Wednesday, January 17, 2024

Friend Indeed

 "Can you hold my watch?"

The hand that came up between the front seats had said watch dangling by the band.

"And could you turn the music down just a bit?"

I had turned it up as a consideration to myself, thinking that I didn't want to hear much if any of the muffled sounds from the back seat. I turned down the volume. Just so much, but no more. 

Meanwhile, the slap and tickle fest that was this Friday night was in my back seat continued. I put the watch on my gearshift and stared off into the darkness. The cul-de-sac where we were parked had been divined over some time and research suggested that traffic would be minimal to non-existent in this little corner of heaven. 

I sat there, looking forward instead of back since I was supposed to be invisible. Or as non-existent as the traffic for the purposes of this make-out session. 

How did I get here? I was a junior in high school. I was friends with a senior, who started dating a sophomore. He didn't own a car, so when he wanted to show his girl a good time, at least to the extent that the back seat of a 1972 Vega could be considered a good time, he called on me to drive him and his date to this one particular corner on the north end of town. 

And I went. 

Because I wanted to ensure that I would still be friends with that senior.
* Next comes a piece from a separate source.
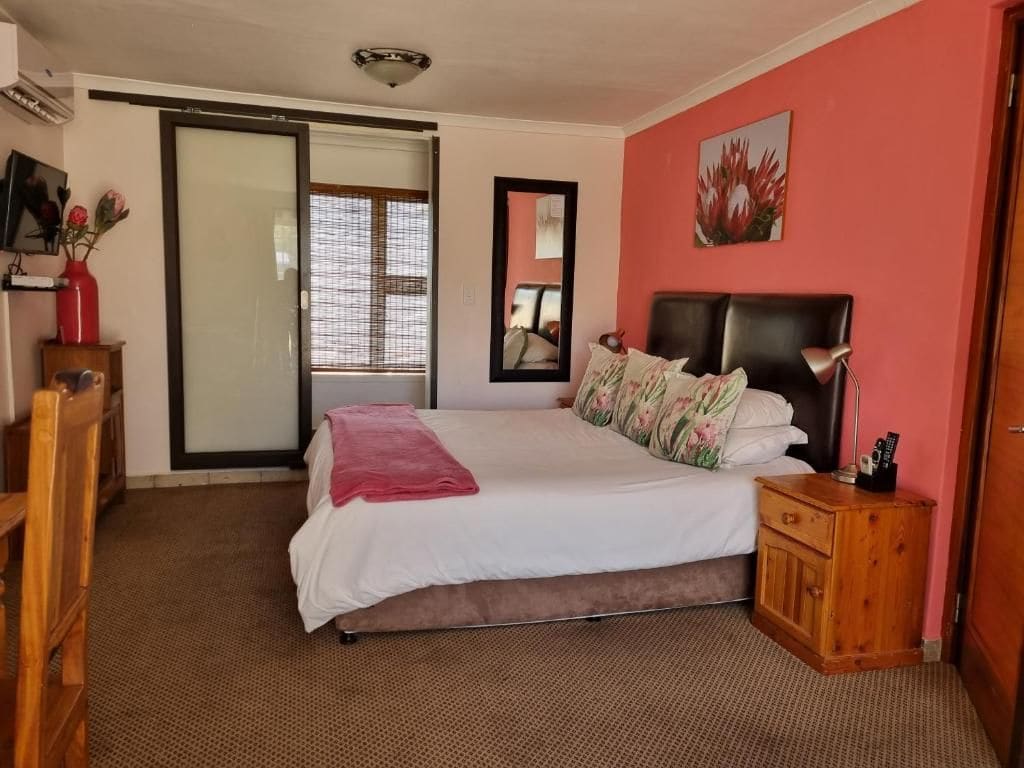 A bedroom with a bed, a nightstand, a wooden cabinet, a mirror, and a sliding glass door leading to a balcony.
And his girlfriend. Who might not be his girlfriend if he didn't have access to my back seat. So what I am saying here was that I was willing to allow myself to be mixed up in my friend's relationship in order to be friends with a senior. This in turn allowed me the privilege of chamfering him and his lady friend to dark corners of the suburbs. 

If you were to suggest that I was desperate for friends in high school, I would ask only that when you point at this example that you don't laugh. It's okay to point. It's okay to laugh. But it's not okay to point and laugh.